High schools across the nation received advice about how to comply with recent U.S. Supreme Court rulings from an article co-authored by the incoming dean of the University of Houston-Victoria School of Education & Human Development.
In “The U.S. Supreme Court Speaks on Voluntary School Integration Plans,” published in the spring edition of the National Association of Secondary Schools Principals Bulletin, Lawrence Rossow provides policy guidance based on recent cases involving the use of voluntary school desegregation policies in the Louisville, Ky., and Seattle school districts.
Both districts had programs in place that reassigned students to certain schools to make sure the racial makeup of each campus didn’t subject the district to a federal lawsuit and potential desegregation order.

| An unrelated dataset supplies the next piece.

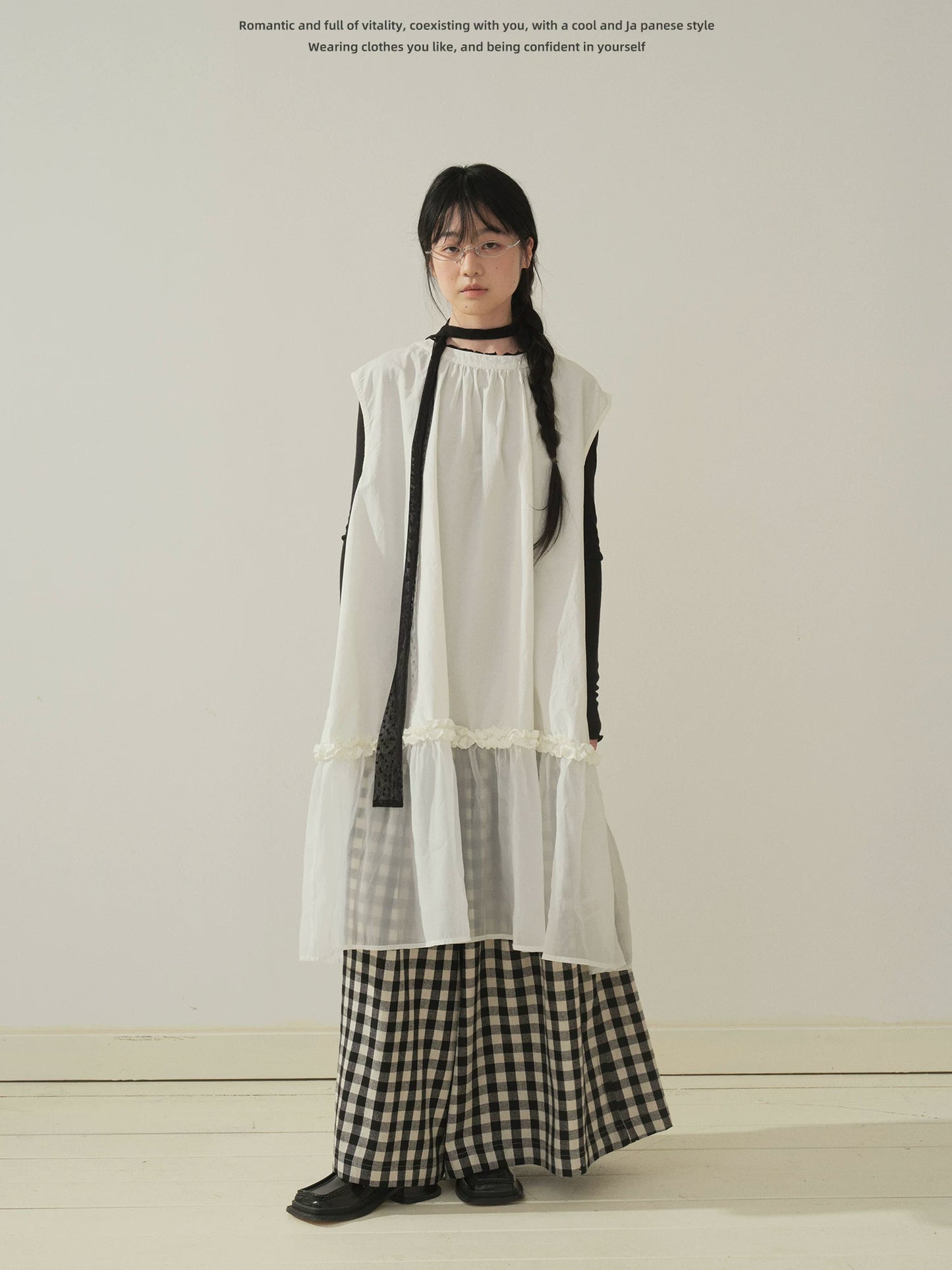 "Quiet Check" Plaid Wide Leg Trousers (Black & White Plaid)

“You can’t use race at all as a specific factor in determining school assignments for individual children, the court found,” Rossow said.
Rossow’s article details the different aspects of the case and recommends certain programs districts can implement to keep schools from becoming racially segregated like some neighborhoods while still being in compliance with federal law.
One suggestion includes the use of magnet schools, where different high schools attract students from around a district by specializing in subjects like fine arts, math, science or even healthcare. Another suggestion is to use scholarships to allow students to freely transfer to certain schools.
The Bulletin is the official peer-reviewed publication of the National Association of Secondary Schools Principals. The Virginia-based organization is the national voice for middle and high school principals, assistant principals and aspiring school leaders, according to the organization’s Web site.
The article was co-authored by Kathrine J. Gutierrez, Rossow’s former colleague at the University of Oklahoma.
Rossow will take over as dean of the UHV school on Aug. 3.